Lunes, 22 de junio de 2026.
Conferencia de María Ramos Salgado en el encuentro entre estudiantes y profesionales, El Ojo de Polisemo, en su XV edición, celebrado en Soria el pasado mes de mayo.
Como con muchos encargos de traducción, mi primera reacción ante la propuesta de ofrecer una ponencia de clausura en El Ojo de Polisemo que tratase sobre la escritura y la traducción en lo rural fue plantearme si era yo la persona adecuada para hacerlo. Y como con mi primer libro propio, fue la confianza que otras pusieron en mí lo que me animó a creerme que tenía algo que aportar.
Si bien la estupenda María Alonso Seisdedos, compañera y amiga, me presentó con elegancia y pompa, creí necesario (reflexioné sobre mi propia experiencia como espectadora en otras ponencias, en otros encuentros) dar un contexto más amplio y personal sobre mí. Básicamente, quería dar respuesta a la comprensible pregunta que imaginé en la mente de muchos: ¿quién es esta y por qué está aquí? Hasta cierto punto, son las mismas preguntas que yo me hice: ¿quién soy yo (para hablar de esto) y qué pinto aquí (hablando de esto)?

María Alonso Seisdedos y María Ramos Salgado
Seré más breve en este artículo sobre esta parte de mi ponencia porque entiendo que el estimado público lector, desde la comodidad de su hogar, puede investigar todo cuanto guste sobre mi persona y detener su lectura para ello. Pero sí que facilitaré algún detalle, por ser fiel a mis palabras en el Campus de Soria .
Me cuentan que nací en Irun, una ciudad que es como un escaparate o un aeropuerto: la idea es, en algún momento, salir de allí. Crecí en una casa repleta de lenguas y pasé los veranos de mi infancia en una aldea gallega, la misma de la que mi abuelo había emigrado muchos años antes. Esta dualidad entre ciudad y campo, entre Gipuzkoa y Ourense, me marcó quizá más de lo que creí; en Galicia era «la vasca» de ciudad, en Euskadi, «la gallega» que hablaba sobre la huerta; pero no me parecía que fuese ni una cosa ni la otra. ¿Soy un fraude entonces?

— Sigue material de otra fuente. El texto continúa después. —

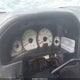 1FMYU03163KC65831 2003 Ford Escape Xlt auction photo thumbnail 7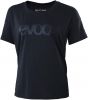 EVOC Womens Logo T Shirt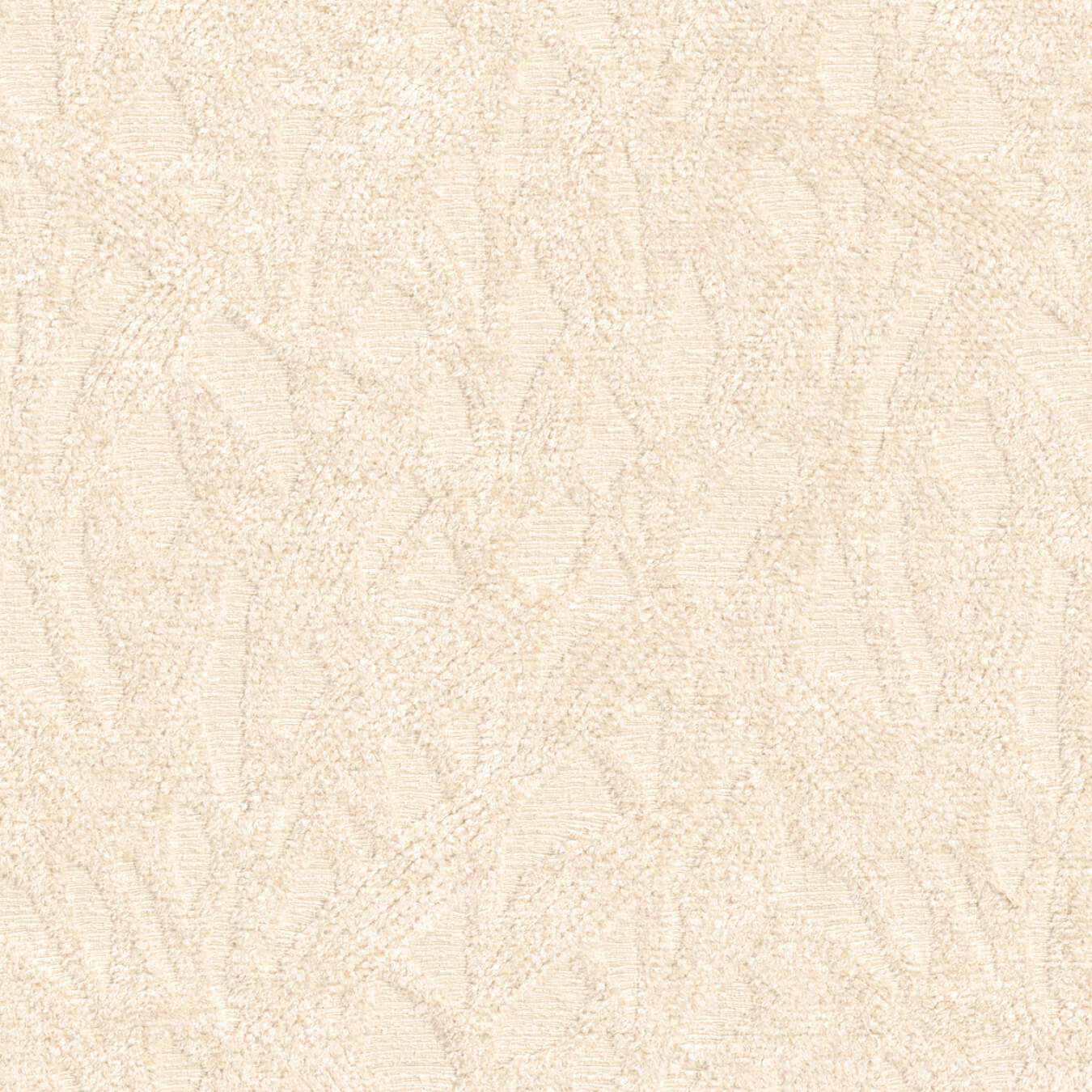 Tibere 10889-03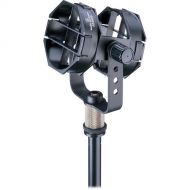 Audio-Technica AT8415 Universal Shockmount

Al preparar la ponencia me pregunté si, hasta cierto punto, no es esta también una dualidad que acompaña al traductor: ¿A perteneces más, al texto original o al traducido? ¿Es el texto plenamente tuyo, o hasta dónde llega tu familiaridad con él? El traductor nace en los limbos entre textos, un viajero constante. De esta reflexión sale una pregunta (en esta ponencia propongo muchas preguntas) interesante para cualquier persona traductora: ¿Cuál es tu limbo? ¿Entre qué mundos te mueves?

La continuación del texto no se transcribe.